Dois terços da população de Mimoso moram na zona rural. Neste domingo, ônibus credenciados pelo Tribunal Regional Eleitoral (TRE) de Goiás vão buscá-los na fazenda e levá-los a uma das três seções eleitorais da cidade.

Três candidatos concorrem à prefeitura. Miriã de Souza, Carlos Rodrigues e Antônio Tavares, que é o atual prefeito e tenta a reeleição. Trinta e cinco candidatos disputam as nove vagas na Câmara Municipal.

O principal problema da cidade é o desemprego, diz a recepcionista Maria Adriana, de 25 anos. "A única coisa que precisa  aqui  é gerar emprego. Alguma coisa que gere emprego, alguma fábrica", acrescenta.

Catarino Nunes tem 74 anos e é um dos moradores mais antigos da cidade. Como já passou dos 70 anos, não é obrigado a votar. Mas ele faz questão."Eu tenho vontade de que essa cidade desenvolva, cresça e que ela gere emprego para a mocidade. Eu vou votar porque sou um cidadão brasileiro".

Em Mimoso, não há posto de gasolina e nem rodoviária. Para abastecer o carro, é necessário andar 18 quilômetros até Padre Bernardo. Os ônibus que chegam em Mimoso param na pracinha. A cidade também não tem delegacia e nem hospital.
Mimoso tem sete escolas rurais e três na zona urbana. Apenas uma é de ensino médio.

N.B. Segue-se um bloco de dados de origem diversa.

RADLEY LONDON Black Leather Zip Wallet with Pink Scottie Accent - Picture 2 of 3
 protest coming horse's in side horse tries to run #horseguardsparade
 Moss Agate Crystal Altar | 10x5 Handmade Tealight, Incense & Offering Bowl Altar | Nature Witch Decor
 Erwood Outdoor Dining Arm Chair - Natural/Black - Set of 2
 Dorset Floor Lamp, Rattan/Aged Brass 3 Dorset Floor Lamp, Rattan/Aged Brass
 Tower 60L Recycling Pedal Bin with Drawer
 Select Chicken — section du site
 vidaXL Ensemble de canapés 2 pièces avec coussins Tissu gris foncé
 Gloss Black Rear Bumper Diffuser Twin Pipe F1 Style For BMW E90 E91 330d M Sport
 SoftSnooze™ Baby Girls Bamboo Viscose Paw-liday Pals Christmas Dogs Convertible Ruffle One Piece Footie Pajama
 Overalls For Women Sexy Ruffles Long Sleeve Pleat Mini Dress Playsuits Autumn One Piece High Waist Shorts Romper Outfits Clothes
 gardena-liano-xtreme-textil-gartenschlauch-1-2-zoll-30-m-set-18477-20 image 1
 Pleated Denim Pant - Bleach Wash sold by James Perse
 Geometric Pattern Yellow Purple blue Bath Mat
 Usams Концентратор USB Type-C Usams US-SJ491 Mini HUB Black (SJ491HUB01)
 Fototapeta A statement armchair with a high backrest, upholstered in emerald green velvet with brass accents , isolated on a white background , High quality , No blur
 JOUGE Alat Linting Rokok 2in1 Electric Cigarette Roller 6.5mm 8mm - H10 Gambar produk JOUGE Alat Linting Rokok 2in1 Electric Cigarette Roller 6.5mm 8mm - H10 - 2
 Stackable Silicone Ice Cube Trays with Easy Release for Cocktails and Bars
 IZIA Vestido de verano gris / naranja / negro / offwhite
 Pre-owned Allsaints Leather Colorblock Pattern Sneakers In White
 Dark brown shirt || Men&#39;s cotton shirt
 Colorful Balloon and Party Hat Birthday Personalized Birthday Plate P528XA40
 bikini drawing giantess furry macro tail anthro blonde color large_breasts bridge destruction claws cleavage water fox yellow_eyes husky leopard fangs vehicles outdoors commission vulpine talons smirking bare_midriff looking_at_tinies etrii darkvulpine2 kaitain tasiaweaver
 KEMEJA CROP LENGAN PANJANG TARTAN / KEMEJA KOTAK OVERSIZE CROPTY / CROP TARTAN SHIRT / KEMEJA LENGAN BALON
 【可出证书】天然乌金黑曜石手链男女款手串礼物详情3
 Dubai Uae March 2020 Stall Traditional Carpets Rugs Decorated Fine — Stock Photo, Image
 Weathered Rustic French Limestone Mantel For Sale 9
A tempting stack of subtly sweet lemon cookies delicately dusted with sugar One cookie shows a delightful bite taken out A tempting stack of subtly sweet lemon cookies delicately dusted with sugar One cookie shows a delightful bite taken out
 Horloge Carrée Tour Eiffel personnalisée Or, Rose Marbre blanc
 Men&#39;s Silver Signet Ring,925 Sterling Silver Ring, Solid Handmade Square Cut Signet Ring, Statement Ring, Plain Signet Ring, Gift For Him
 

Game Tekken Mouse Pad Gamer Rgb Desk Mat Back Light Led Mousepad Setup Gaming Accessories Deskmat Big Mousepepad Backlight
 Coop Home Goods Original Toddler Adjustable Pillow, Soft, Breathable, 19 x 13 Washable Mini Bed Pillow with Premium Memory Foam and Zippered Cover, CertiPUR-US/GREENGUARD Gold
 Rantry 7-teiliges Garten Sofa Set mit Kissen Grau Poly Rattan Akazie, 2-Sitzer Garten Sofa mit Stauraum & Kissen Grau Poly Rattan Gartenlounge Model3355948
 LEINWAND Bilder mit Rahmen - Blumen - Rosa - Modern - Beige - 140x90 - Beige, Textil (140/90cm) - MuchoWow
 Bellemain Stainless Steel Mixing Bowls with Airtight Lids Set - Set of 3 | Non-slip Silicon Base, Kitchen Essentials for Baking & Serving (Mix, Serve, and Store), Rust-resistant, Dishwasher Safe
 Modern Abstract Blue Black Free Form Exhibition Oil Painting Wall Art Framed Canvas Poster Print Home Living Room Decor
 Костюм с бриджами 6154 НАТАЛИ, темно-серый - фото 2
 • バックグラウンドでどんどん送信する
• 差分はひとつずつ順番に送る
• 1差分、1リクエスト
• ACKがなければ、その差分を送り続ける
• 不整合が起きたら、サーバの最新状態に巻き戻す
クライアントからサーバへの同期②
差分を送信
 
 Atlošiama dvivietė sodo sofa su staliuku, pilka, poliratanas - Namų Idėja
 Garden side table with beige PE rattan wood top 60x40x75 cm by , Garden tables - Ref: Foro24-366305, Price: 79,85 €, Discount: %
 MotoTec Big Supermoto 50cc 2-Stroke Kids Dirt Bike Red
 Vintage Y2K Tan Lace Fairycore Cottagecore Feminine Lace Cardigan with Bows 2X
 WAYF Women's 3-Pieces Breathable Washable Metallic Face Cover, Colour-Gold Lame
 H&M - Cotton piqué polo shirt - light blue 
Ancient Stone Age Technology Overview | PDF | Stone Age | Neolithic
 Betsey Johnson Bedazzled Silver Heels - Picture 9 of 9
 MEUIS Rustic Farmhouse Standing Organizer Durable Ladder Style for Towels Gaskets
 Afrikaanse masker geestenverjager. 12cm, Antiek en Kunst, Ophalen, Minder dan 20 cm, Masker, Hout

Abadia de Lourdes Rodrigues da  Costa, secretária de Educação, diz que as escolas locais tentam preparar o aluno para conseguir emprego em outras cidades. "Falta de emprego há em qualquer lugar, o que a gente tem tentado aqui é preparar a população, principalmente os jovens, para que estudem. Não com intenção de ficar em Mimoso, para o bem deles. Para onde quer que eles vão, tenham a sua segurança, o seu serviço".

Quando o único médico da cidade, Dr. Vilmar, não consegue resolver problemas mais graves de saúde, os pacientes são encaminhados para os hospitais de Anápolis, Goiânia e Padre Bernardo. É também na cidade mais próxima que as mulheres grávidas recorrem na hora de dar à luz.

A secretária de Saúde, irmã Maria Rosinete de Almeida Costa, diz que a população é atendida pelos dez agentes comunitários do programa Saúde da Família. Ela está preocupada com a quantidade de pessoas doentes na cidade. "Nós descobrimos a hipertensão e a hanseníase, porque os médicos não iam à zona rural. Então, é uma preocupação muito grande, que nós estamos acompanhando com muito cuidado.